I need to calculate $Tor^*_{\mathcal O_{\mathbb P^3}}(\mathcal O_{L_1}, \mathcal O_{L_2})$, where $L_1$ and $L_2$ are lines on $\mathbb P^3$.
If they are intersecting at a point, I believe that they can be calculated on $\mathbb P^2$ generated by $L_1$ and $L_2$ using the resolution $0 \to \mathcal O_{\mathbb P^2}(-1) \to \mathcal O_{\mathbb P^2} \to \mathcal O_L \to 0$ for both $L=L_i$. But why does $Tor^* (i_* \mathcal F, i_* \mathcal G)=Tor^* (\mathcal F, \mathcal G)$ hold for an inclusion $i$?
Does the fact that the higher $Tor$ functors vanish reflects the fact that $L_1$ and $L_2$ are transversal? This idea is given by the fact that the intersection number can be defined as $$\sum_{p \in L_1 \cap L_2} \sum_{i \geq 0} (-1)^i Tor^i_{\mathcal O_p} (\mathcal F_p, \mathcal G_p),$$ where the higher $Tor$ functors are some 'correction terms'.
If they are not intersecting, should not $Tor$ functors vanish? How are they connected with the local $Tor$ functors?

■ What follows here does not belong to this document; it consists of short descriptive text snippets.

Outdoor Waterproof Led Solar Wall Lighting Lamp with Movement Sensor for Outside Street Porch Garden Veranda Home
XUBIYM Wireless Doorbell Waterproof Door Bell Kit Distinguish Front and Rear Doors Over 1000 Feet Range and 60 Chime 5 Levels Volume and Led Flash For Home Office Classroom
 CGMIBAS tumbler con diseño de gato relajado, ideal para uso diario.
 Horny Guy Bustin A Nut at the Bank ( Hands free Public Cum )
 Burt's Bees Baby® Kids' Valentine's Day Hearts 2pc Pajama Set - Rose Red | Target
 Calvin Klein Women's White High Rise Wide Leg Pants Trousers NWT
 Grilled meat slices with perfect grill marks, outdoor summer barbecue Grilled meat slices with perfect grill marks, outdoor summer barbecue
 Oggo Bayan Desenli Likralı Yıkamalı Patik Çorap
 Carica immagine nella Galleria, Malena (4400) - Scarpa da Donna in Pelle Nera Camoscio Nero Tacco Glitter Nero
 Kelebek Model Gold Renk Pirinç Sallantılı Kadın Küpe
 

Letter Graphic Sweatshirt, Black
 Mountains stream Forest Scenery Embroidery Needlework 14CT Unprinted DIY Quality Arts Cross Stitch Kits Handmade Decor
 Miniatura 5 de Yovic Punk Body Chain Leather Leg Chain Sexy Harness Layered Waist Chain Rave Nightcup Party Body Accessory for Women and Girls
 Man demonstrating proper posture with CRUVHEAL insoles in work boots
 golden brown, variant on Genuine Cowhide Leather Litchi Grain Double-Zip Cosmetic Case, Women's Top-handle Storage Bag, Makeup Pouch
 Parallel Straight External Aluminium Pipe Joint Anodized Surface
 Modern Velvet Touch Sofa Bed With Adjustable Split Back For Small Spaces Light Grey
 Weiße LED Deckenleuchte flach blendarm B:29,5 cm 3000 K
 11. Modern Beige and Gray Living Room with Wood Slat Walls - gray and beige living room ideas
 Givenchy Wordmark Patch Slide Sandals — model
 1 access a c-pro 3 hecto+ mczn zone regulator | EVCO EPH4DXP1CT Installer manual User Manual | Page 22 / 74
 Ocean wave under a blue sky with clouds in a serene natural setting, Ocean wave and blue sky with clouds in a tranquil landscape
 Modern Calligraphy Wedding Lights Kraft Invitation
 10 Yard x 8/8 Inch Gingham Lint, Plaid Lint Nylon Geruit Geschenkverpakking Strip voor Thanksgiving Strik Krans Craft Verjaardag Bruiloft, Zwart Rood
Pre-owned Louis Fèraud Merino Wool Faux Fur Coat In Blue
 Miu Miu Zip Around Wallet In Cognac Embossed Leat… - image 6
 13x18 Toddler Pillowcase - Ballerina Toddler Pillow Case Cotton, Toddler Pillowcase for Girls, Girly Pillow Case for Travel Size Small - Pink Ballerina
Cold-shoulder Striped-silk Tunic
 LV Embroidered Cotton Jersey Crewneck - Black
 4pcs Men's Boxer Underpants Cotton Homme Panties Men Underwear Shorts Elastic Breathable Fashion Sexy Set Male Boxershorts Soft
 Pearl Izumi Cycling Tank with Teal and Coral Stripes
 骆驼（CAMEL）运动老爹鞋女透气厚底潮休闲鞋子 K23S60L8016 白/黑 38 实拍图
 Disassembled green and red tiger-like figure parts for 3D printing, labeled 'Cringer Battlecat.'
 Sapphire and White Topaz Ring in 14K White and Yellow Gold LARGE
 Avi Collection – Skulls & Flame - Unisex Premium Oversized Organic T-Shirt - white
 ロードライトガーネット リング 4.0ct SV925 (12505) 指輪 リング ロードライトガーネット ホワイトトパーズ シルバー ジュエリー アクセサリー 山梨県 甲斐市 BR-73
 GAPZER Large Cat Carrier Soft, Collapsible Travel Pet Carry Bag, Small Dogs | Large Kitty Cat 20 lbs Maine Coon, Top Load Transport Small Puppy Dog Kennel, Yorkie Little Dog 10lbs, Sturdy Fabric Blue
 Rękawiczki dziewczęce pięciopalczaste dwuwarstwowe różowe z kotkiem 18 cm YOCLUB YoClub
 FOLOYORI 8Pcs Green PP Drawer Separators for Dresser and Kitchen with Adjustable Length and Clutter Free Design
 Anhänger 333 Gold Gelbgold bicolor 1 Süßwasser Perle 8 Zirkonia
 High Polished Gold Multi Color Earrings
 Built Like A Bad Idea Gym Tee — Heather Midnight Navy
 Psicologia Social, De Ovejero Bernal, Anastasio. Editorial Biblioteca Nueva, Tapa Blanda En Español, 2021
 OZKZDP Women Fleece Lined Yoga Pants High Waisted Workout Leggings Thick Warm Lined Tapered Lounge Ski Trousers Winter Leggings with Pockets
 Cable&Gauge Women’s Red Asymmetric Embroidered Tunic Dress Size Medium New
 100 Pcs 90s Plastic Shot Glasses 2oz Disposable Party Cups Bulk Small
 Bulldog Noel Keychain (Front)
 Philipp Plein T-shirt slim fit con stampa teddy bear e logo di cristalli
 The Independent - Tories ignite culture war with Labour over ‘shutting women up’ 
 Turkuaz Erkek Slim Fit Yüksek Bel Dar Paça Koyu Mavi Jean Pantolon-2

Is not $\mathcal O_L$ flat over $\mathcal O_{\mathbb P^3}$? Because tensoring by $\mathcal O_l$ is the same as restricting on $L$. So all the higher $\mathcal{Tor}$ sheaf functors vanish, are not they?
Why did you feel in 4., that $\mathcal{O}_L$ is flat over $\mathcal{O}_{\mathbb{P}^3}$? This is false.
For, 3., yes the tors vanish since tor localizes for coherent sheaves.
For the general case, the best path is to use the standard resolution for $L_1$ say. You have, $0\to \mathcal{O}_{\mathbb{P}^3}(-2)\to \mathcal{O}_{\mathbb{P}^3}(-1)^2\to \mathcal{O}_{\mathbb{P}^3}\to\mathcal{O}_{L_1}\to 0$, tensor with $\mathcal{O}_{L_2}$ and since we know all the maps in the above exact sequence, calculate the tors. There are 3 cases, $L_1=L_2$, they intersect at one point, they are disjoint.